■ **Task objective**: Lower down are entries containing pictures. Copy exactly, without those pictures, the lines from the line with "Green Knee-High Geometric" through the line with "Esta señalización recomienda".

■ **Listed entries**:
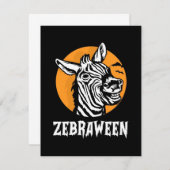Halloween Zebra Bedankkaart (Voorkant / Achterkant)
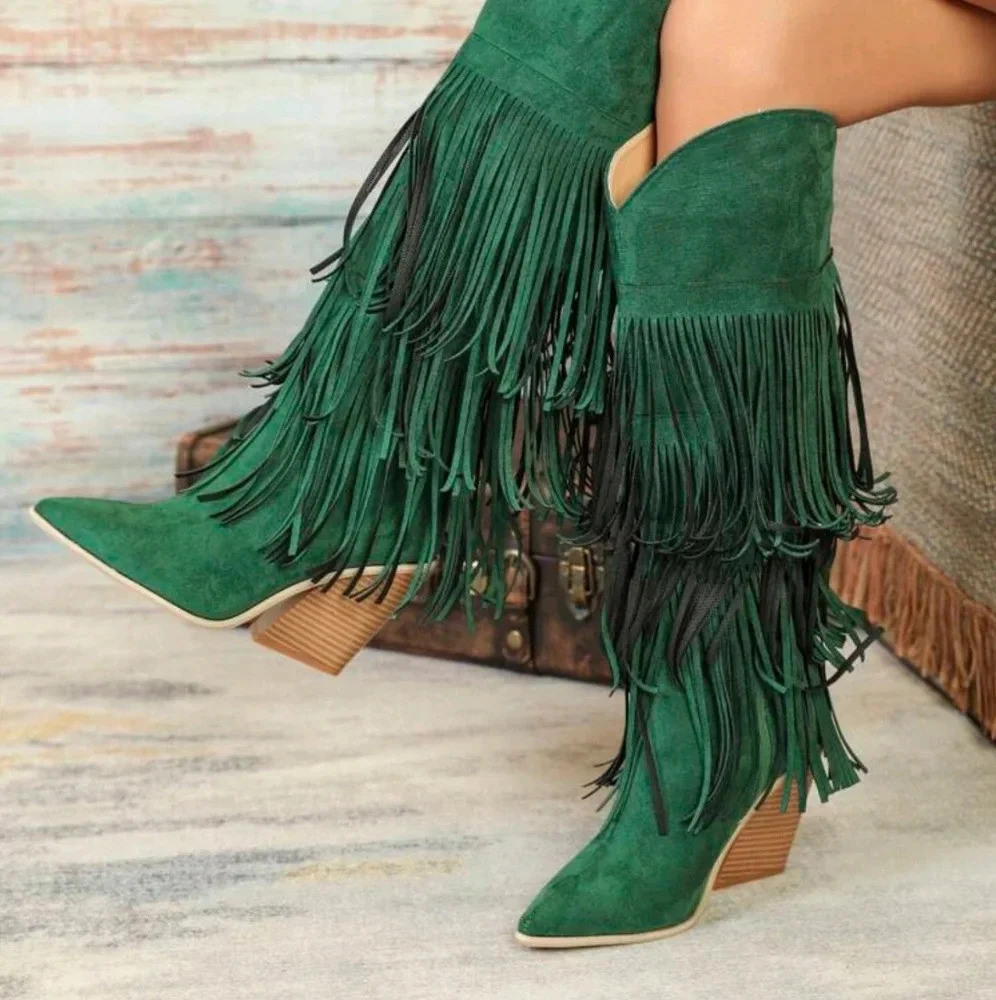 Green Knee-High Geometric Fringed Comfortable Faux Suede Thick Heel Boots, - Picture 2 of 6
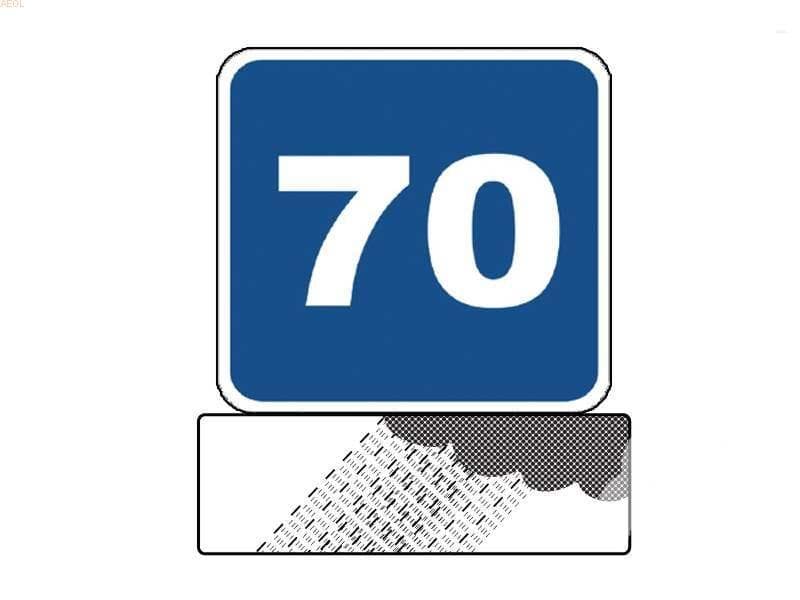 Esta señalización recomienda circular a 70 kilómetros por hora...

---

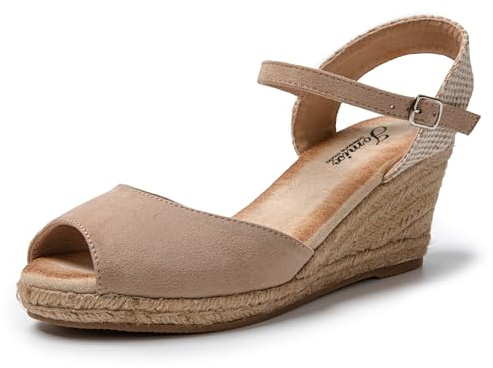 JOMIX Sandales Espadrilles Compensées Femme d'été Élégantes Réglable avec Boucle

■ **Answer to this problem**:
 Green Knee-High Geometric Fringed Comfortable Faux Suede Thick Heel Boots, - Picture 2 of 6
 Esta señalización recomienda circular a 70 kilómetros por hora...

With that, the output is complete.